## TASK OBJECTIVE:
Print verbatim the lines from the beginning of the entries through the line containing "Hlavný obrázok Duck", both ends included. Pictures should be left out.

===============

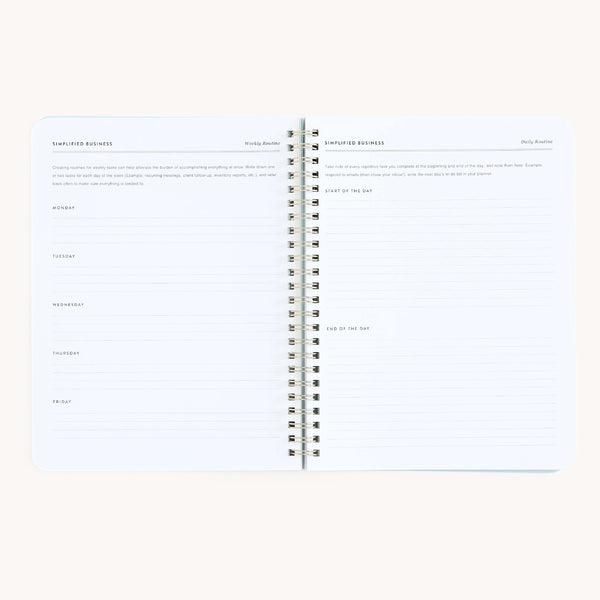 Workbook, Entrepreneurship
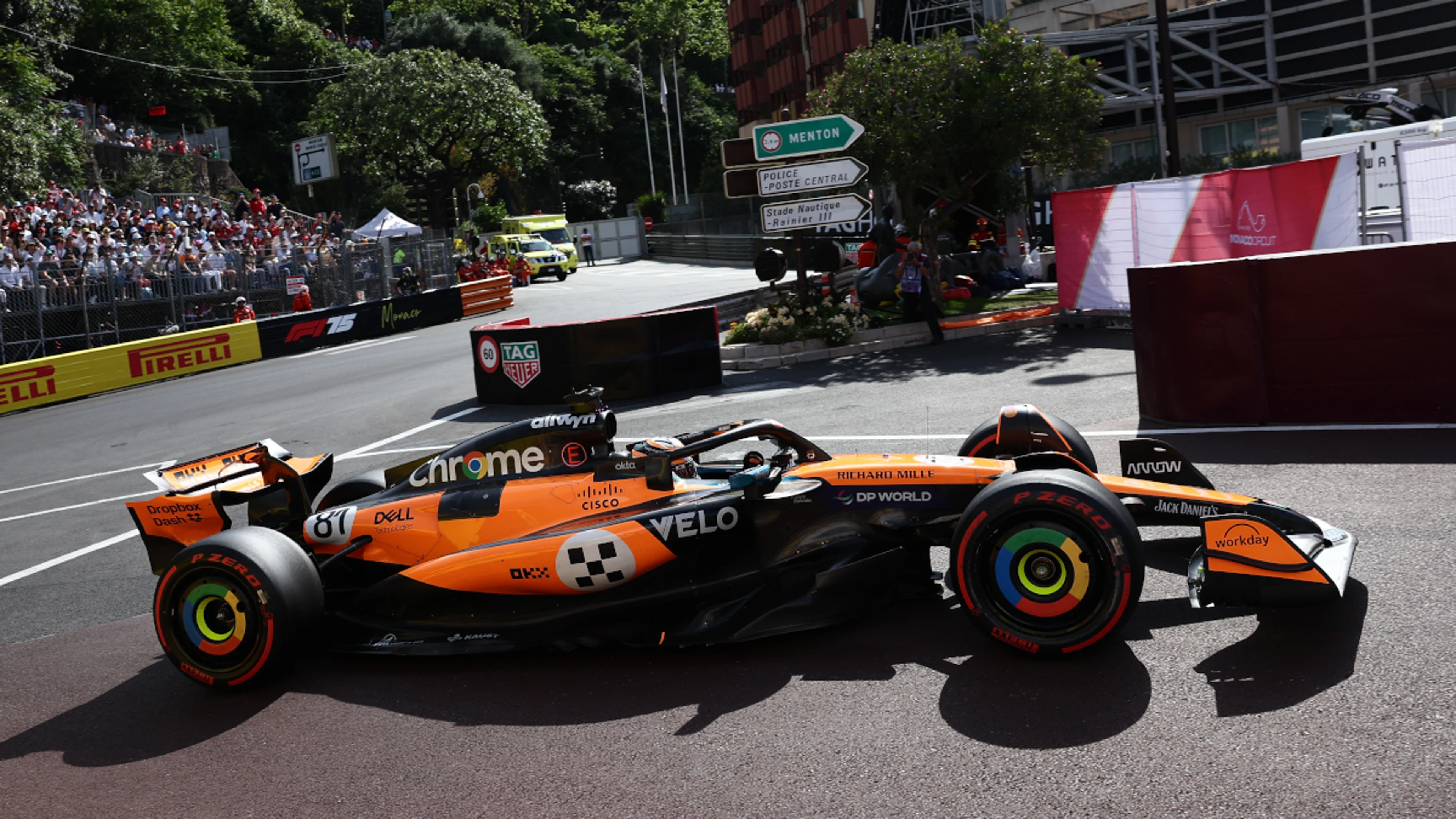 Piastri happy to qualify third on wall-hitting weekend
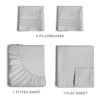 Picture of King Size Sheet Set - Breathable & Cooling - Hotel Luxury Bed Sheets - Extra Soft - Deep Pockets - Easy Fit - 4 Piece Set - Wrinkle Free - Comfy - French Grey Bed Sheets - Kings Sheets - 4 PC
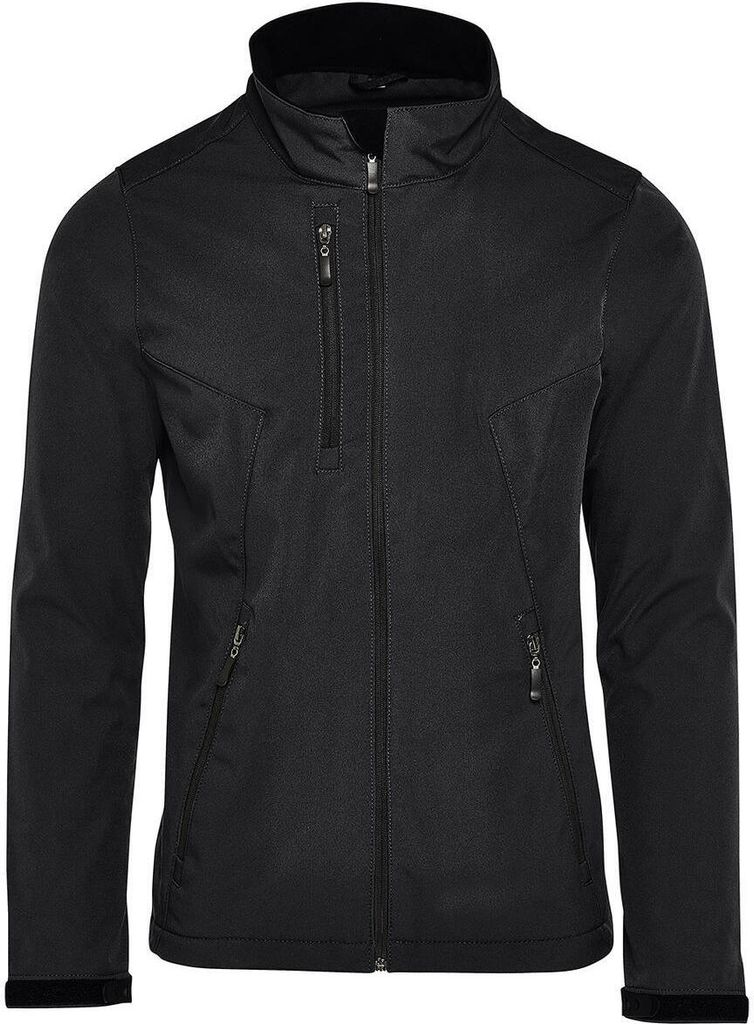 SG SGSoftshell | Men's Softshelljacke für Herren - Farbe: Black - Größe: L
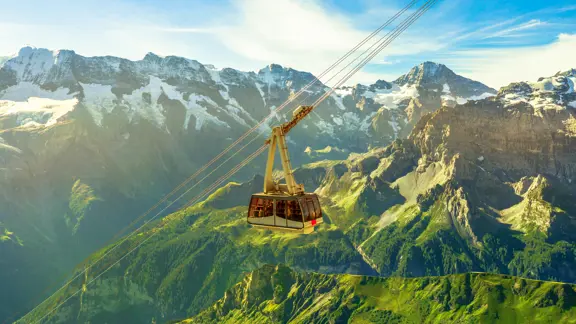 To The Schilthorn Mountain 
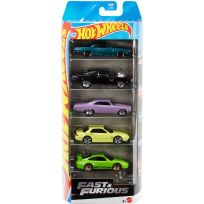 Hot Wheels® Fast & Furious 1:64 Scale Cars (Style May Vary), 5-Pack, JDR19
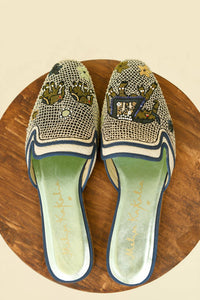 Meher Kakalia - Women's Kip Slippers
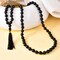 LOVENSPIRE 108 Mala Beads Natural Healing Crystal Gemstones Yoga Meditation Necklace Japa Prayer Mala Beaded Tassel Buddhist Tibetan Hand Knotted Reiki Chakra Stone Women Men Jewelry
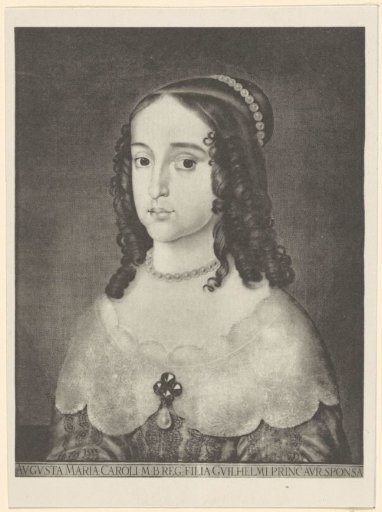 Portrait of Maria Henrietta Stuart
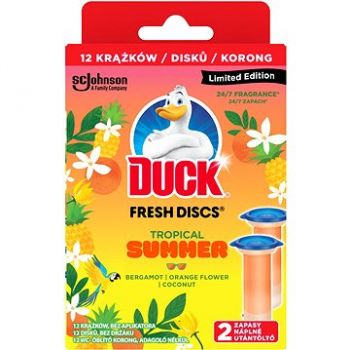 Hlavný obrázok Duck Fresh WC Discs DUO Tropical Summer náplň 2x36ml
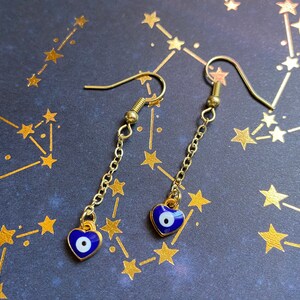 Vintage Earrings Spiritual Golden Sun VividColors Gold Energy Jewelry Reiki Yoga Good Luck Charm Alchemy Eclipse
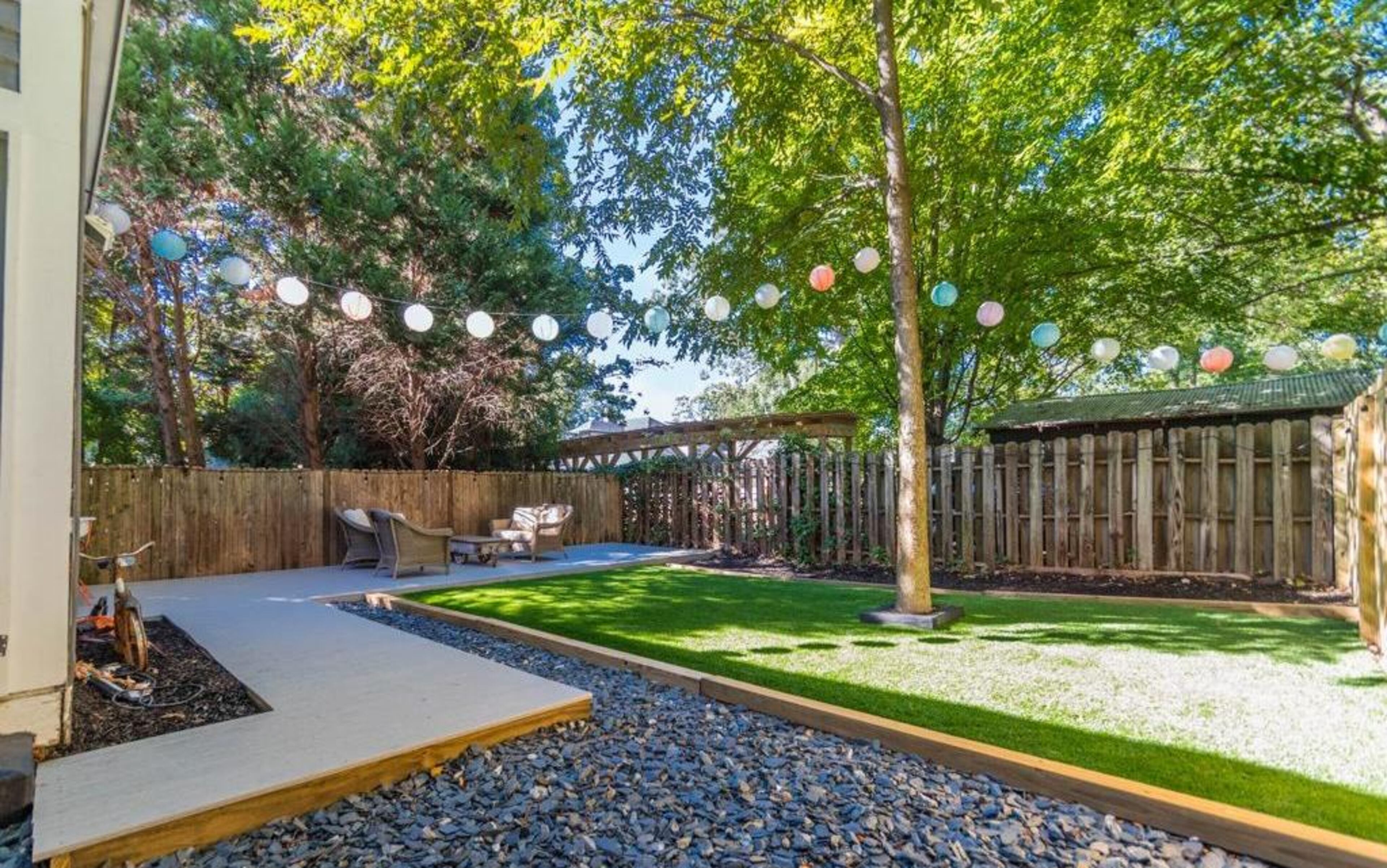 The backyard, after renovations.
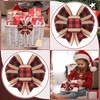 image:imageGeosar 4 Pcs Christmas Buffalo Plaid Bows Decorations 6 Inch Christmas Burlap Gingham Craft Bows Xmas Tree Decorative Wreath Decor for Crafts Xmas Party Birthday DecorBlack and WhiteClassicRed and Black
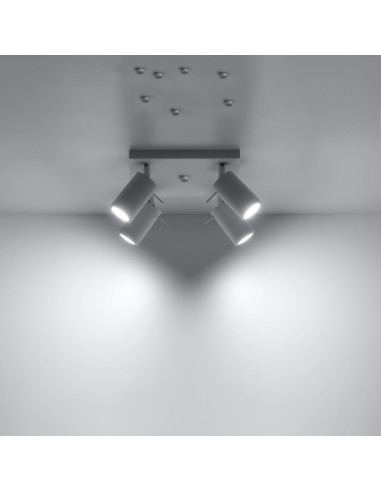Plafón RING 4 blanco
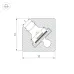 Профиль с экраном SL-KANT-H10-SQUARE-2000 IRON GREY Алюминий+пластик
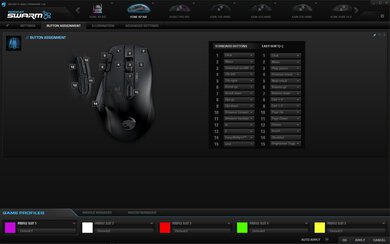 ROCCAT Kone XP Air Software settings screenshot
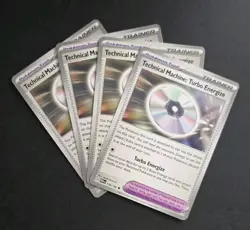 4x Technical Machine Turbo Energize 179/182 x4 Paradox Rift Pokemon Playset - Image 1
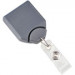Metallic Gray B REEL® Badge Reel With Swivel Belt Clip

===============

## SOLUTION FOR THIS PROBLEM:
 Workbook, Entrepreneurship
 Piastri happy to qualify third on wall-hitting weekend
 Picture of King Size Sheet Set - Breathable & Cooling - Hotel Luxury Bed Sheets - Extra Soft - Deep Pockets - Easy Fit - 4 Piece Set - Wrinkle Free - Comfy - French Grey Bed Sheets - Kings Sheets - 4 PC
 SG SGSoftshell | Men's Softshelljacke für Herren - Farbe: Black - Größe: L
 To The Schilthorn Mountain 
 Hot Wheels® Fast & Furious 1:64 Scale Cars (Style May Vary), 5-Pack, JDR19
 Meher Kakalia - Women's Kip Slippers
 LOVENSPIRE 108 Mala Beads Natural Healing Crystal Gemstones Yoga Meditation Necklace Japa Prayer Mala Beaded Tassel Buddhist Tibetan Hand Knotted Reiki Chakra Stone Women Men Jewelry
 Portrait of Maria Henrietta Stuart
 Hlavný obrázok Duck Fresh WC Discs DUO Tropical Summer náplň 2x36ml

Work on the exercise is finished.